Dieser Satz ist schon deshalb verkehrt, weil es kein europäisches Sozialmodell gibt. Genau am unterschiedlichen Niveau der sozialen Standards in den Mitgliedsländern entzündete sich doch der Streit um die so genannte Bolkestein-Richtlinie und das befürchtete Sozialdumping. Die Kommission hat mit ihrem ursprünglichen Entwurf darauf abgezielt, unterschiedliche Sozialmodelle dem Wettbewerb im Binnenmarkt auszusetzen. Das entspricht der Logik der derzeitigen EU und der neoliberalen Überzeugung, dass Wettbewerb das Geschäft belebt.

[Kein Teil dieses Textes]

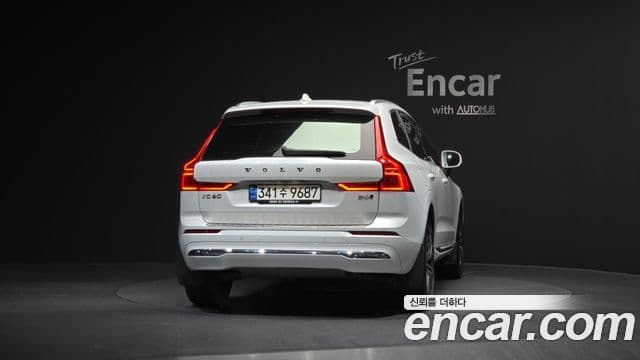 Volvo XC60 2021 — ფოტო 4/20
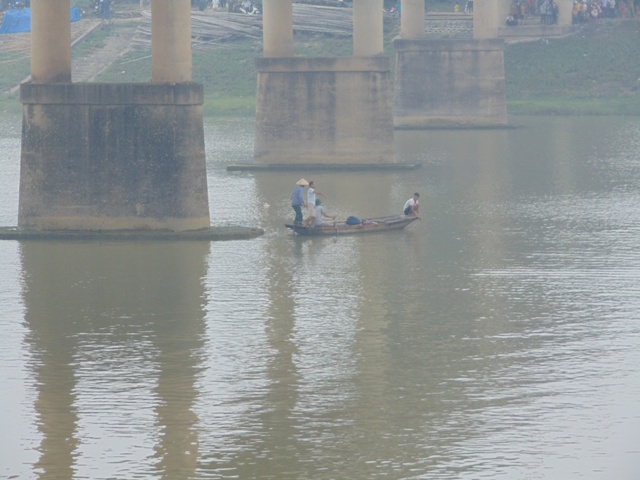 Thanh Hóa: Đã vớt được xác của mẹ con nhảy cầu tự tử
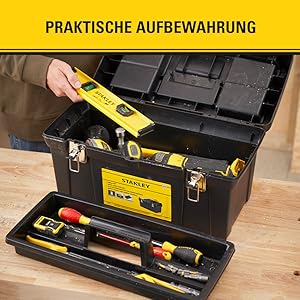 Alet kutusu bir masa üzerinde durur, bunun önünde alet taşıma bulunur.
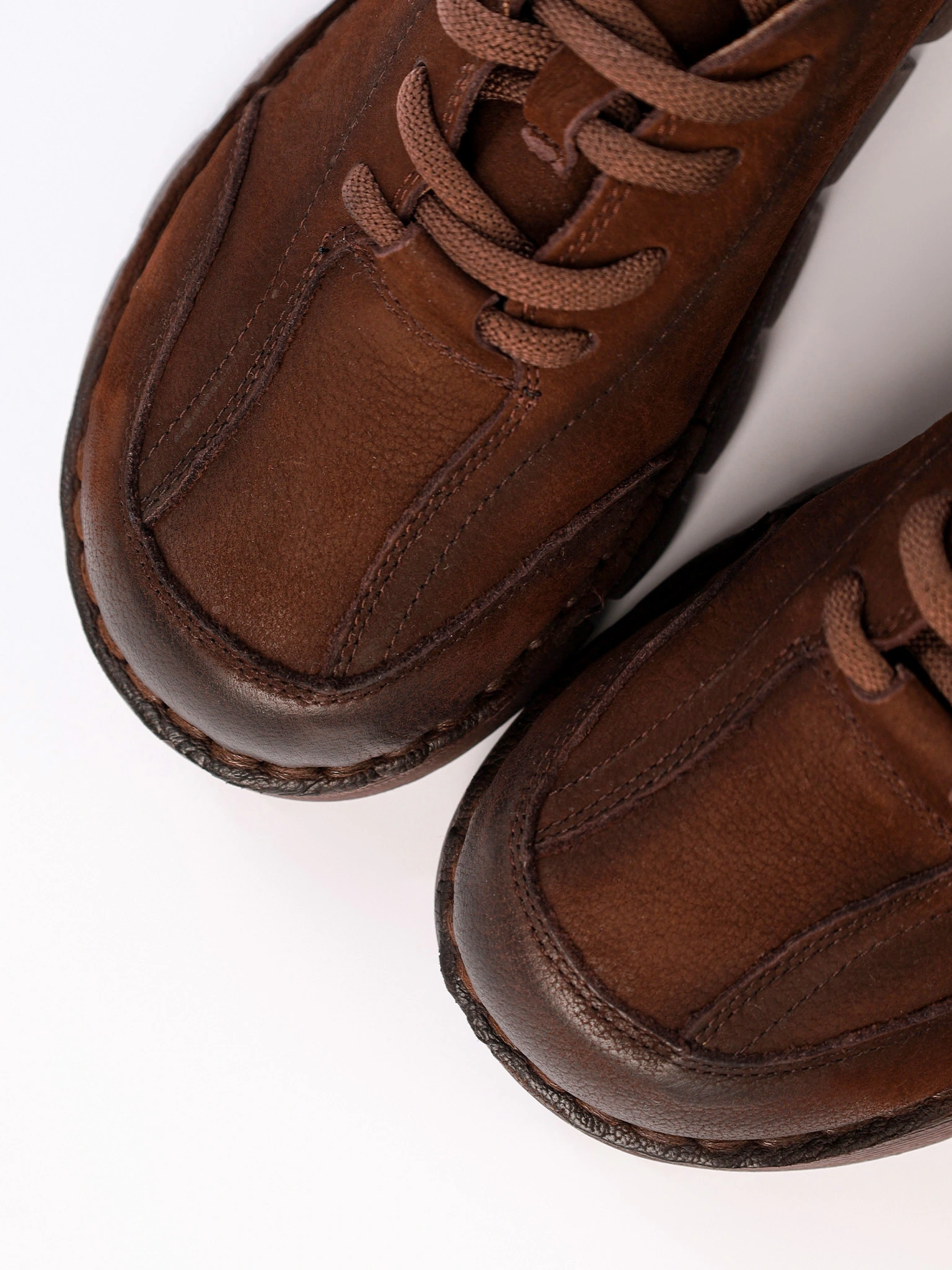 Туфли темно-коричневого цвета из натурального нубука на шнуровке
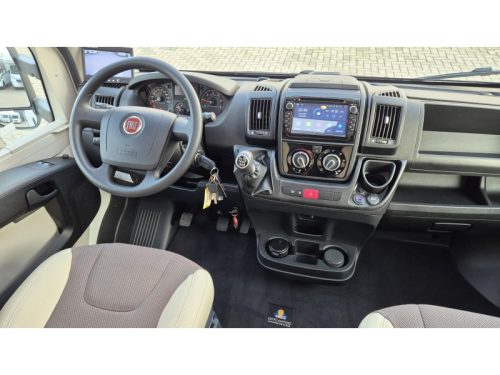 Adria Coral S Queensbed / top condition! photo: 16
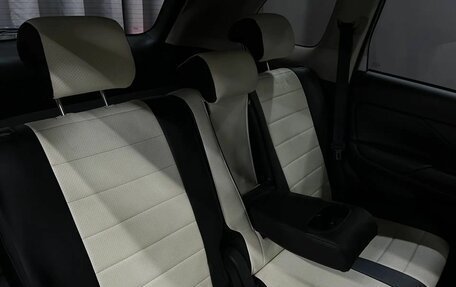 Mitsubishi Outlander III рестайлинг 3, 2014 год, 1 049 888 рублей, 20 фотография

Die Antwort der europäischen Linken darauf hätte von Anfang an sein müssen, EU-weite soziale Mindeststandards als Voraussetzung für die Öffnung der Dienstleistungsmärkte zu verlangen. Stattdessen zogen sich die Liberalisierungsgegner in den sozial stark geschützten Staaten wie Frankreich in ihr Schrebergärtchen zurück und bauten den Zaun höher. In den neuen Mitgliedstaaten und in Irland, wo es wenig sozialen Schutz, aber wegen der hohen Wachstumsraten derzeit noch eine optimistische Stimmung gibt, lachte man über die ängstlichen Genossen und freute sich auf die künftigen Marktchancen.

Die Erfahrungen nach der Osterweiterung haben gezeigt, dass sich Konkurrenz von draußen nicht negativ auf Wachstum und Beschäftigung auswirken muss. Auch der Binnenmarkt für Dienstleistungen könnte zur Jobmaschine werden, wenn es soziale Mindeststandards für alle gäbe. Dazu hat allen Beteiligten der Mut gefehlt. Jobs werden mit der absehbaren Zustimmung des Europaparlaments nächste Woche dennoch geschaffen – für Juristen, die das unübersichtliche Paragrafenwerk nun interpretieren müssen.